Happy Sunday friends and thanks for joining me as I share a little bit about the Tea Thoughts journey. As my next shop update approaches tomorrow I’ve been doing a lot of reflection myself and wanted to share. Before I start, I want to say that I will be sharing difficulties and triumphs with you. I don’t share the difficulties as a way to garner sympathy, just to share. I feel extremely grateful to be able to have the means and time to run a small business.
The Start
Many of you have been around since the inception of Tea Thoughts. I was hired for a creative type job that turned out to not be that creative, I felt drained and like I didn’t have a place to express myself. I’ve always crafted, hand making gifts and cards. I’ve also almost started an etsy shop maybe 10 times at this point but fear always got the better of me. So Instead I started a blog and since tea was such and important part of my life I wanted to make it about that and learn more because I didn’t know that much.

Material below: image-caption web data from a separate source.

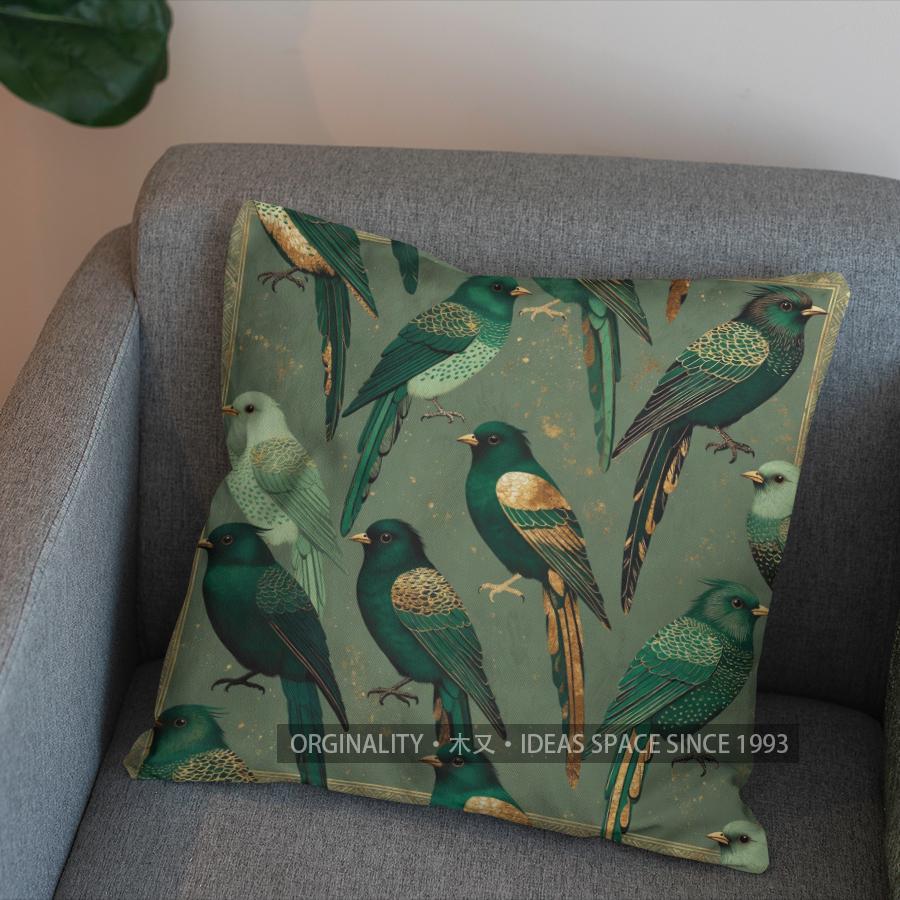 2D Green Birds And Leaves Patterned Pillow Cover Pattern Cushion Cover Suitable For Sofa Bedroom Car Pillow Cover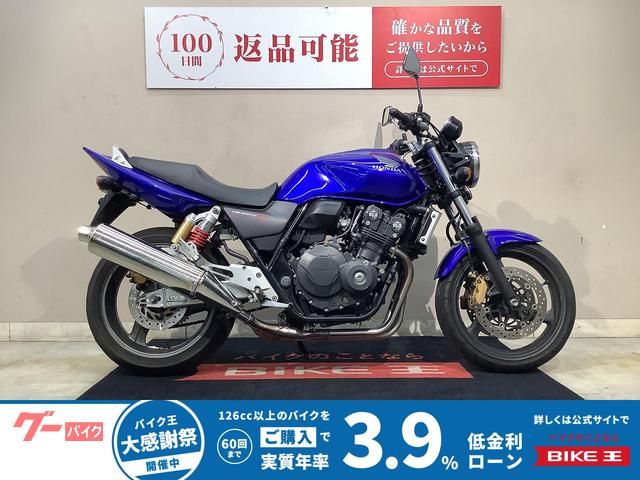 CB400Super Four VTEC Revo 2011年モデル インジェクション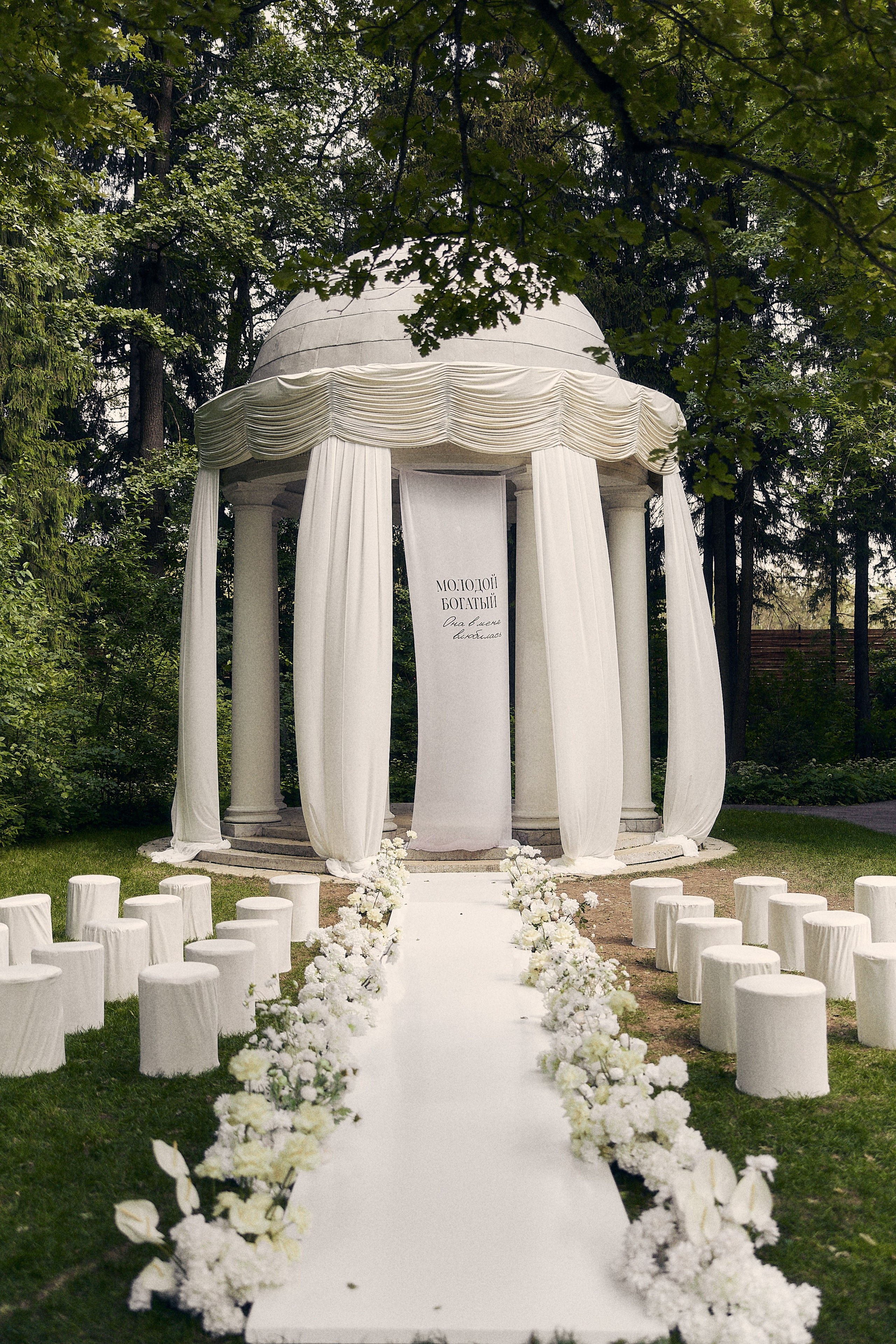 Анастасия и Влад. Свадебный и семейный фотограф в Иваново и Москве Мильков Вадим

I started my blog and began “reviewing” teas. This eventually turned into me creating recipes because that was something I enjoyed more. After a couple of months, that creativity bug was still biting and I decided to start an etsy shop. That was back in May of 2016. At the start, there was no direction, I was painting, doing calligraphy, creating items for weddings, custom pieces etc. It was nice to create but It wasn’t working well so I made the decision to connect my shop and blog and create tea themed designs!
The Shop
Tea Thoughts has come a long way as a shop, mostly because I’ve come a long way as a designer and business owner. When I started my shop I also starting teaching myself design. Tea Thoughts has always been bootstrapped by funds from my full time job. Working at a small non profit, this isn’t a ton but I’ve made it work. There were some scary times where this funding method really took it’s toll on me but overtime as the shop has grown, the pressure is less.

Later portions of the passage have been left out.